One consideration with this use case is that your documents are consistently growing. MongoDB used a record allocation or padding strategy to allow documents to grow in-place. For example, if your document starts off as 1000 bytes MongoDB 2.6 or newer will round this up to a 1024 byte record allocation for MMAP (as per the Power of 2 Size default strategy). Updates that don't grow the size of the document beyond the current record allocation are more efficient for the server to execute.

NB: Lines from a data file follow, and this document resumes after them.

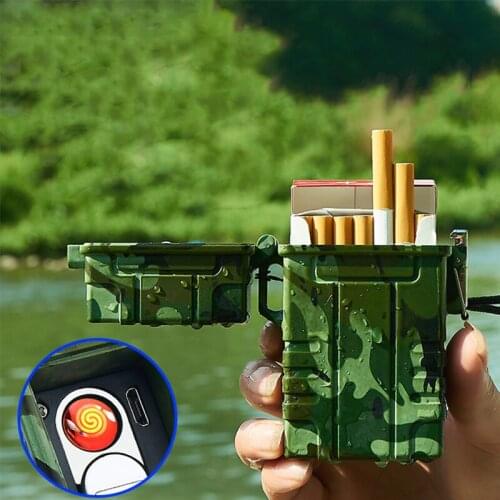20 Pcs Automatic Cigarette Case Cigarette Capacity Metal Cigarette Case Charge USB Lighter Outdoor Seal Waterproof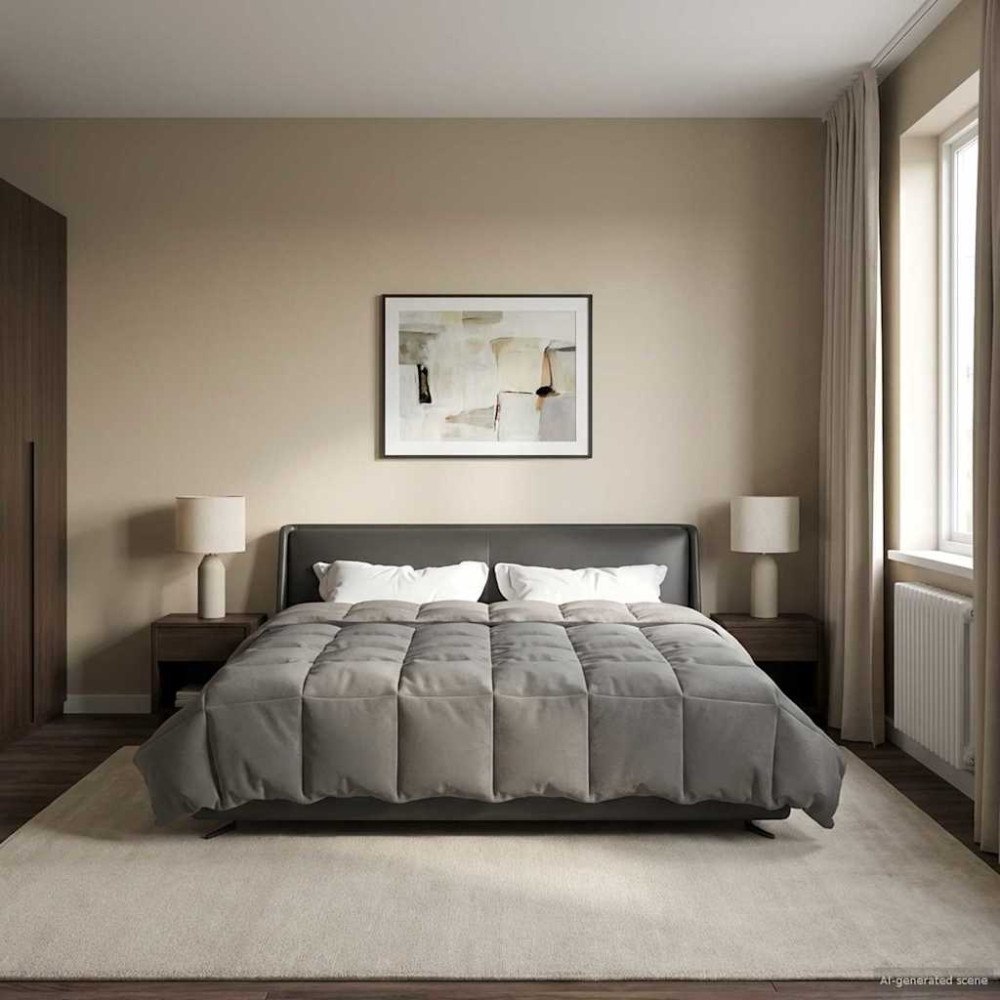 vidaXL Vinter Täcke Quiltad Ljusgrå 200 x 220 cm Mikrofiber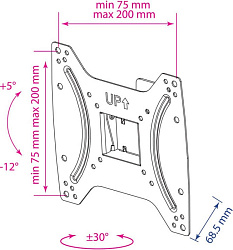 Кронштейн Kromax OPTIMA-202 для телевизора черный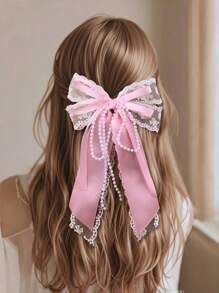1 件女孩用丝带和珍珠蝴蝶结发夹爪 - 彩色 - 查看 2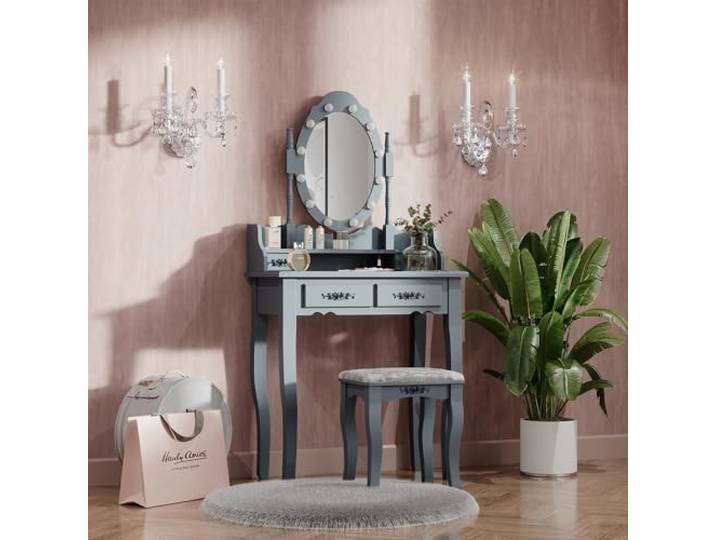 Vicco Schminktisch Maggie , Grau 75 cm LED-Spiegel · Hocker · 4 Schubladen · Freistehend · Elegante Optik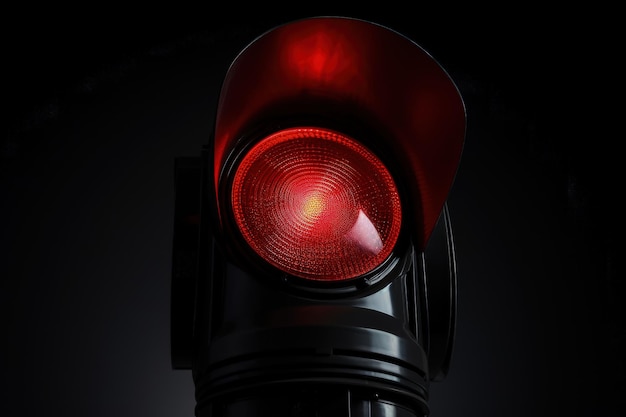 czerwone światło drogowe LED izolowane na czarnym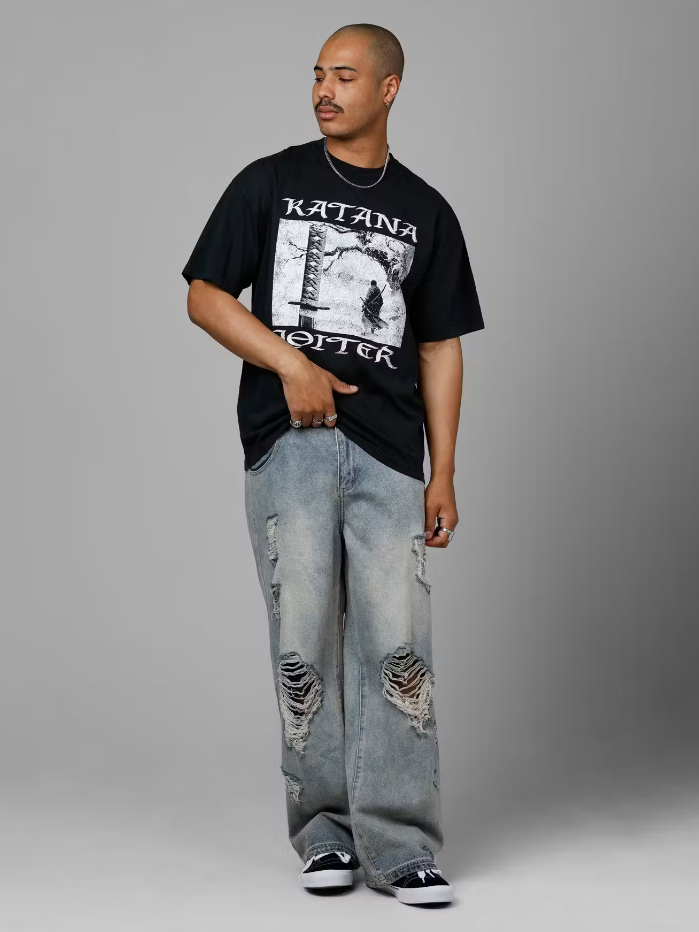 Loiter T-Shirt - Katana Vintage Tee - Black Acid Wash - 02053555B017S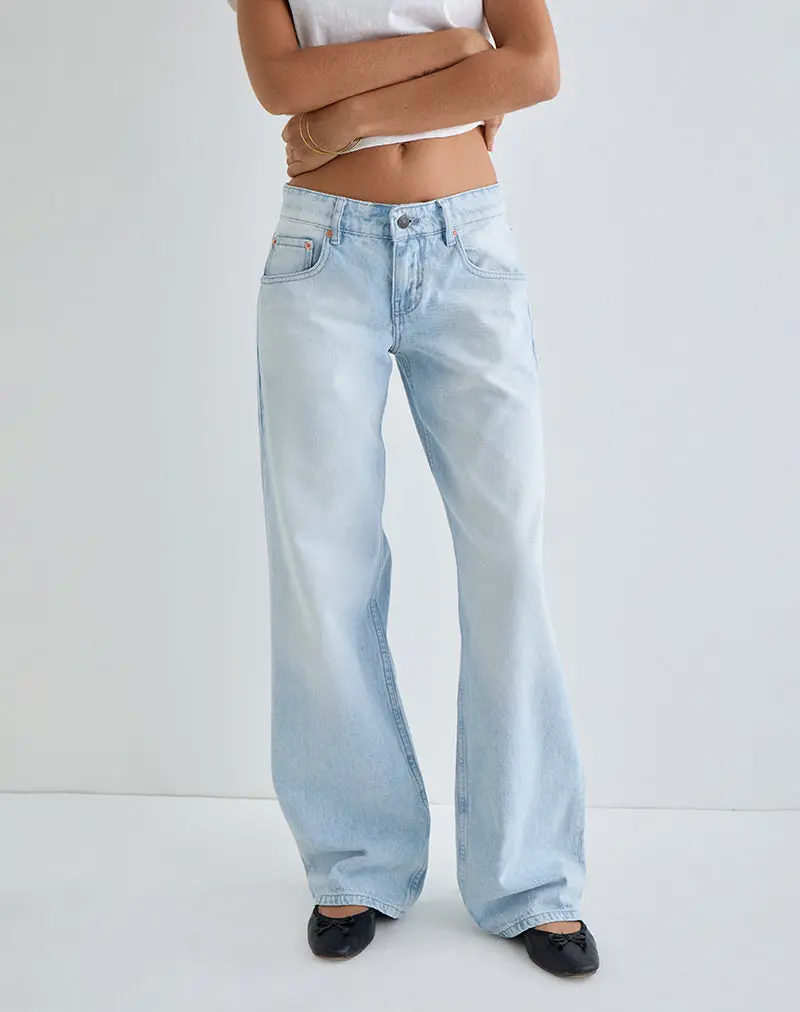 Low Rise Parallel Jeans In Icy Blue 1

However, if you added 100 bytes to a document which was initially 1000 bytes, the document would have to be moved to a new record allocation in storage (and associated index entries would also have to be updated). So in this example, the next allocation for a 1100 byte document would be 2048 bytes (allowing for ~9 more 100 byte fields to be added before a new record allocation was needed for this document). Indexes in MongoDB include the storage location of the document, so a document move will result in an update for every index entry referencing that document.

You can check the frequency of document moves by looking at the nmoved value for slow updates (or by enabling increased levels of logging / system profiling). Frequent document moves can definitely have a performance impact. Common strategies include either reconsidering the data model (eg. moving the growing portion of the document to a separate collection if appropriate) or adding manual padding to the initial document allocation. The default power of 2 allocation strategy is designed to avoid the need for manual padding in most cases, but if your documents start small and grow quickly you might be able to avoid some initial document moves.

So my question is, when the document is flushed to disk, what actually gets written, the entire document or just the sub-document that has been updated?

The answer will depend on the size of your document and the nature of updates since the last background flush. I'll assume you are using a default configuration with MMAP storage engine and journal enabled.

By default data changes are written twice: once to fast append-only journal files (committed to disk every 100ms) and again to a private view in memory (flushed to data files every 60s). The background flush process is a periodic asynchronous write of all pages that have been "dirtied" in memory since the last flush. Journal commit and background flush intervals can be influenced by both server configuration and write concerns. For a good overview of the process see How MongoDB’s Journaling Works.

The MMAP storage engine will fetch the full document into memory before applying updates. The standard x86 page size is 4KiB so a single document may be represented by one or more pages -- or multiple documents may be part of a single page in memory.

So, if you are updating a single document the writes will include:

all changes written to the journal
all changes written to the oplog (if that node is part of replica set)
any pages dirtied for that document since the last background flush

An important caveat is "since the last background flush". Multiple updates affecting the same pages within a given sync interval will effectively be batched.

If you're trying to get to the bottom of performance issues then consistently high background flush times (particularly as a large or increasing percentage of the default 60s flush interval) are definitely of concern, but should be reviewed in the context of other metrics such as page faults, I/O stats, and lock percentage. I would also review the MongoDB Production Notes for general tips and upgrade to the latest MongoDB production release for your major version (i.e. latest 2.6.x or 3.0.x if there's a newer x than your current version).